RECORDS PROVIDED -
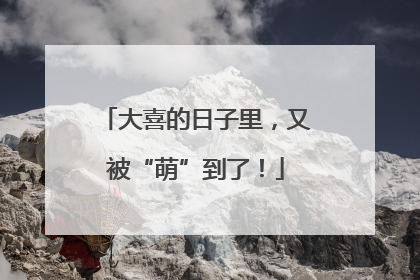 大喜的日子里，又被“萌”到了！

* * *

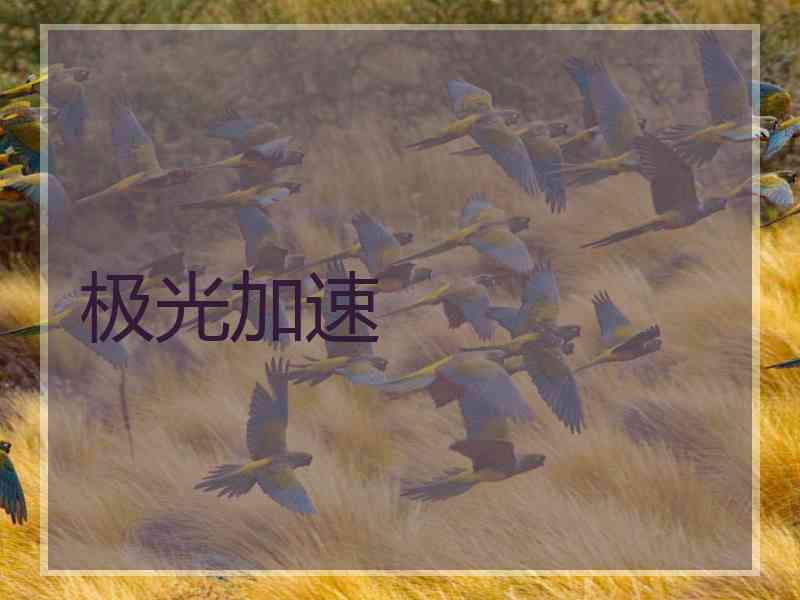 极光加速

---

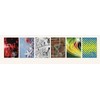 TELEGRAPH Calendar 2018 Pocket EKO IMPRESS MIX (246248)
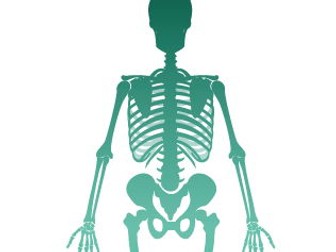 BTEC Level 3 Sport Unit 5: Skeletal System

PROBLEM TO SOLVE - Skipping the pictures, print the lines in the listing above exactly as written, starting at the line with "TELEGRAPH Calendar 2018" and ending at the line with "BTEC Level 3 Sport Unit 5: Skeletal System", both included.

YOUR RESPONSE -
 TELEGRAPH Calendar 2018 Pocket EKO IMPRESS MIX (246248)
 BTEC Level 3 Sport Unit 5: Skeletal System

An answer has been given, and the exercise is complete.